Table 1: | Main effect of different combinations of NAA and BAP in MS medium on callus induction from leaf and internodal segment of potato cv. Cardinal. Data were recorded at 10 days of explantation. Twenty explants were placed in each treatment |
Leaf explants required minimum time (12.26 days) for callus induction and internodal explants required more time (14.48 days). Minimum time was required for 2.5 mg l-1 NAA (12.30 days) and 1 mg l-1 BAP (12.50 days) than that of other supplements.
Among the different combinations, 2 mg l-1 BAP + 2.5 mg l-1 NAA and 1 mg l-1 BAP + 1.25 mg l-1 NAA showed better callus induction i.e 19.00 and 18.00, respectively in a shortest period out of 20 explants (Table 2). The explants cultured without growth regulator did not produce any callus; these results are in support of the results obtained by Fiegert et al. (2000) and Jayasree et al. (2001).
The percentage of callus induction was the highest in MS media containing 2 mg l-1 BAP + 2.5 mg l-1 NAA (95%) followed by 1 mg l-1 BAP + 1.25 mg l-1 NAA (90%) from leaf explants (Table 2). NAA was essential for callus induction and the amount of callus induction increased with increasing concentrations of NAA and BAP which was similar to the results of Martel et al. (1992).
Regeneration through callus: The results on the main effect of explants and different supplements of BAP and NAA on regeneration of potato cv. Cardinal have been presented in Table 3. Leaf showed better performance in regeneration (5.40) through callus from 20 cultured explant. The percentage of regeneration was recorded higher in case of leaf (25.60%) than internodal segment (11.60%).
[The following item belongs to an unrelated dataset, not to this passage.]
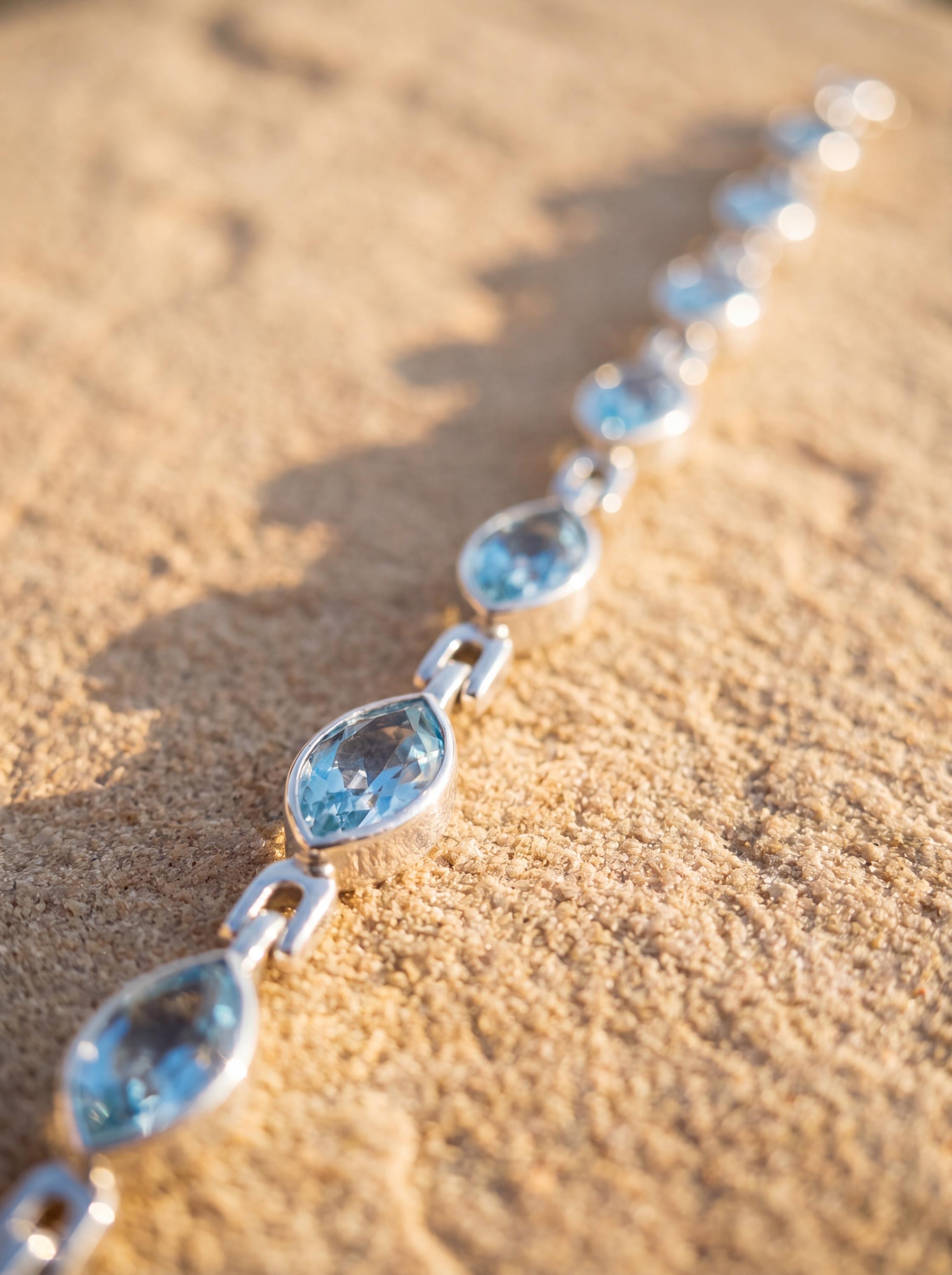 Blue Topaz Marquise Bracelet 925 Sterling Silver Faceted Blue Topaz Link Bracelet High Shine Polish Lobster Clasp December Birthstone Gift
Also leaf took minimum time (23.68 days) for regeneration compared to internodal segment (28.96 days). The highest regeneration potentiality was found in 2.5 mg l-1 NAA (6.60) followed by 1.25 mg l-1 NAA (6.10) out of 20 explants. But there was no regeneration without growth regulator. The percentage of regeneration was the highest in 2.5 mg l-1 NAA (33.00%) followed by 1.25 mg l-1 NAA (30.50%) and 2 mg l-1 BAP (30.50%).
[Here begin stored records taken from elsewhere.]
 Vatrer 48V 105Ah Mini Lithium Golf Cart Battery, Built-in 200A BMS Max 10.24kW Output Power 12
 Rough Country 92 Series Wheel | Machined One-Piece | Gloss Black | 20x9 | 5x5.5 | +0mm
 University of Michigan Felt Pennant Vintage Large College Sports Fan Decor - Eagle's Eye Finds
Table 2: | Combined effect of different combinations of NAA and BAP in MS medium on callus induction from leaf and internodal stem of potato cv. Cardinal. Data were recorded at 10 days of explantation. Twenty explants were placed in each treatment |
Table 3: | Main effect of different combinations of NAA and BAP in MS medium on plant regeneration of potato cv. Cardinal. Data were recorded at 21 days of explantation. Twenty explants were placed in each treatment |
Table 4: | Combined effect of different combinations of NAA and BAP in MS medium on plant regeneration of potato cv. Cardinal. Data were recorded at 21 days of explantation. Twenty explants were placed in each treatment |
No regeneration was noticed in absence of either of NAA or BAP |
Various combinations of supplements showed significant variation in regeneration ability. Among the combinations used, 2 mg l-1 BAP +2.5 mg l-1 NAA showed the highest regeneration of plantlets from leaf (16.00) and internodal segment (9.00), respectively out of 20 cultured explants (Table 4).
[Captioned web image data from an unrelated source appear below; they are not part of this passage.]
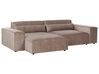 Right Hand 2 Seater Modular Fabric Corner Sofa with Ottoman Brown HELLNAR_912324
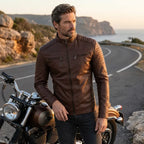 Bikerjacke für Herren aus Echtleder mit Stehkragen Braun 1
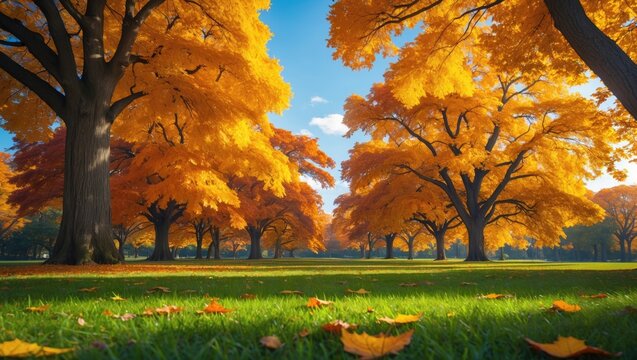 Leaves and trees in the fall
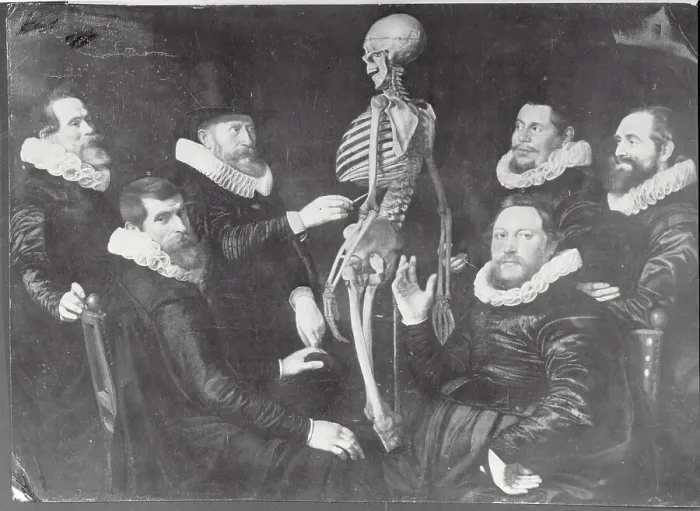 Framed Print : Doctors Studying Human Skeleton Framed Print : Doctors Studying Human Skeleton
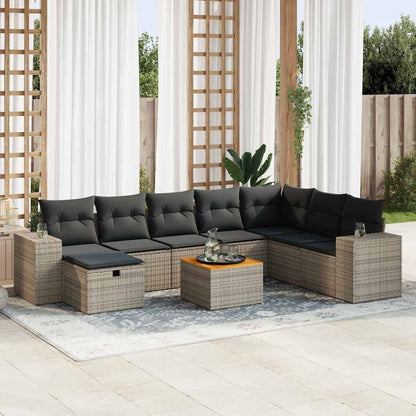 Set Divano da Giardino 9 pz con Cuscini Grigio in Polyrattan | homemem39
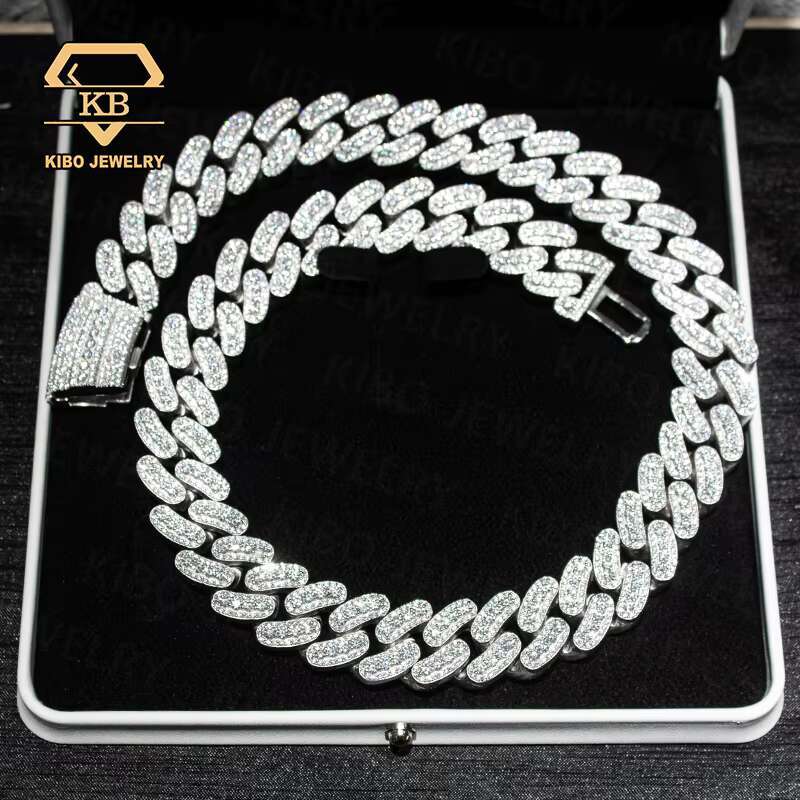 Hip Hop Chains VVS Moissanite 925 Sterling Silver White Gold Plated Iced Out 22mm VVS1 LAB Moissanite Bracelet Cuban Link Chain
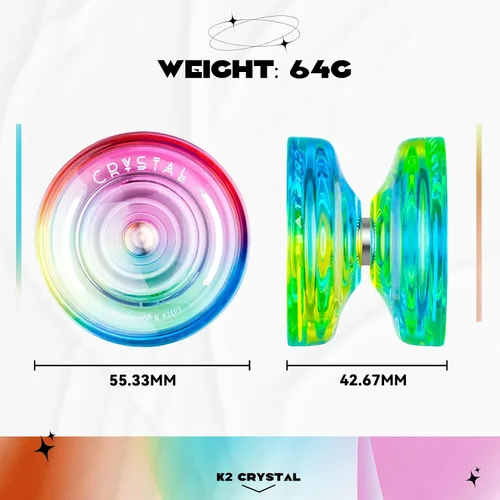 Vista 4 de MAGICYOYO Responsive Yoyo Professional K2 Crystal, Yo yo de doble propósito para niños y jugadores avanzados, yoyos degradados de plástico con 12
The percentage of regeneration was recorded the highest (80%) in MS media containing 2 mg l-1 BAP + 2.5 mg l-1 NAA followed by 1 mg l-1 BAP + 1.25 mg l-1 NAA (70%) from leaf (Table 4). Also it was observed that the above combinations required shorter period of time for regeneration (25.80 and 26.10 days, respectively). It was also found that leaf was always more responsive explant than internodal segment. Yadav and Sticklen (1995), Alphonse et al. (1998), Hamdi et al. (1998) observed that leaf was the best explant for regeneration. The regenerants were successfully established ex vitro on sand, soil and cowdung mixture (1:1:1).
We acknowledge the financial support of USDA funded project on Salinity and drought resistant genes in potato: cloning, expression, transformation and variety development.